NATS 2.12 with JetStream

Strengths:

• Fastest in 3 out of 5 async scenarios, and all 3 request-reply scenarios
• Native request-reply at the protocol level, no application-level workarounds needed
• Operationally minimal: single binary, single flag (-js) enables persistence
• 6 MiB RAM on cold start
• JetStream provides persistence, replay, exactly-once delivery, de-duplication, and consumer acknowledgement
• Subject-based routing with hierarchical wildcards (>, *)
• Built-in key-value store and object store
• Service discovery via micro package
• Leafnode and gateway topologies for multi-cluster deployments

Weaknesses:

• Higher managed memory allocation
• Slower than RabbitMQ on large payloads (64 KB+)
• Smaller community and fewer production war stories compared to RabbitMQ/Kafka
• JetStream is younger than Kafka Streams; less battle-tested for event streaming at extreme scale
• Monitoring/observability tooling is less mature (no equivalent to Kafka Connect ecosystem)

Conclusion

For new projects that need a general-purpose message broker, NATS is the most practical starting point.

It provides a feature set comparable to Kafka: persistence with replay, exactly-once delivery, stream processing primitives, key-value and object stores. At the same time, its throughput on small-to-medium payloads matches or exceeds RabbitMQ, and it handles request-reply 46-105x faster than either alternative at P95 thanks to native protocol support.

The operational cost is also lower. A single binary with one flag gives you a persistent, JetStream-enabled broker consuming 6 MiB of RAM on cold start. Compare that to Kafka's 327 MiB.
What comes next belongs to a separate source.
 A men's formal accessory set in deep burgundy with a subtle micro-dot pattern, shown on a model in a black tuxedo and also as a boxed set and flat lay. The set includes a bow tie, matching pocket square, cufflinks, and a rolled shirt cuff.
RabbitMQ remains a strong choice when the workload is primarily large payloads (64 KB+) or when the team has deep AMQP expertise. Kafka is still the right tool for large-scale event streaming, CDC pipelines, and scenarios where partition-based parallelism and the Connect/Streams ecosystem matter.

But as a default choice for a new distributed system? NATS delivers Kafka-class features at RabbitMQ-class speed, with less operational overhead than either.

---

Benchmarked with BenchmarkDotNet v0.15.8 on .NET 10.0.4. All brokers ran in Docker on the same machine with default configurations. Single-node results. Production numbers will differ.